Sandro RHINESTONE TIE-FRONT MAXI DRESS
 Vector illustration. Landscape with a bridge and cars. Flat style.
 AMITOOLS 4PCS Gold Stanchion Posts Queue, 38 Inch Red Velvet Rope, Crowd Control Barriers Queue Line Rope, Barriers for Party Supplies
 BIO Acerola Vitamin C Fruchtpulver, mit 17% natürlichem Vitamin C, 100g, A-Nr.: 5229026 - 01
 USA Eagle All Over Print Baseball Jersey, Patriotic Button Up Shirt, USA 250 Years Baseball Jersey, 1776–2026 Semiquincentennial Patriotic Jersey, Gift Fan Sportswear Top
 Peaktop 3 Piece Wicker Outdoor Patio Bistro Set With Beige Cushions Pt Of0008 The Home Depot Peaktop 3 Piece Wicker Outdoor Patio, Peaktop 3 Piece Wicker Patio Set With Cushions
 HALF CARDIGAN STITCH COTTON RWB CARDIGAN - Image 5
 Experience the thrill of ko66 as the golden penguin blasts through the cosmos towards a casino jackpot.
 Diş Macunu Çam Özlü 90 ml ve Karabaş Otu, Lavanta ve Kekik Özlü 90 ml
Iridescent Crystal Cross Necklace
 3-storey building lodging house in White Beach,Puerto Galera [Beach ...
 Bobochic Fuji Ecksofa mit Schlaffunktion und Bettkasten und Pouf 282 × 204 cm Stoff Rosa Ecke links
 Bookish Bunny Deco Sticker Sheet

_ _ _ _ _

» **YOUR GOAL**: Your answer must be the complete listing, retyped exactly.

» **YOUR SOLUTION**:
Sandro RHINESTONE TIE-FRONT MAXI DRESS
 Vector illustration. Landscape with a bridge and cars. Flat style.
 AMITOOLS 4PCS Gold Stanchion Posts Queue, 38 Inch Red Velvet Rope, Crowd Control Barriers Queue Line Rope, Barriers for Party Supplies
 BIO Acerola Vitamin C Fruchtpulver, mit 17% natürlichem Vitamin C, 100g, A-Nr.: 5229026 - 01
 USA Eagle All Over Print Baseball Jersey, Patriotic Button Up Shirt, USA 250 Years Baseball Jersey, 1776–2026 Semiquincentennial Patriotic Jersey, Gift Fan Sportswear Top
 Peaktop 3 Piece Wicker Outdoor Patio Bistro Set With Beige Cushions Pt Of0008 The Home Depot Peaktop 3 Piece Wicker Outdoor Patio, Peaktop 3 Piece Wicker Patio Set With Cushions
 HALF CARDIGAN STITCH COTTON RWB CARDIGAN - Image 5
 Experience the thrill of ko66 as the golden penguin blasts through the cosmos towards a casino jackpot.
 Diş Macunu Çam Özlü 90 ml ve Karabaş Otu, Lavanta ve Kekik Özlü 90 ml
Iridescent Crystal Cross Necklace
 3-storey building lodging house in White Beach,Puerto Galera [Beach ...
 Bobochic Fuji Ecksofa mit Schlaffunktion und Bettkasten und Pouf 282 × 204 cm Stoff Rosa Ecke links
 Bookish Bunny Deco Sticker Sheet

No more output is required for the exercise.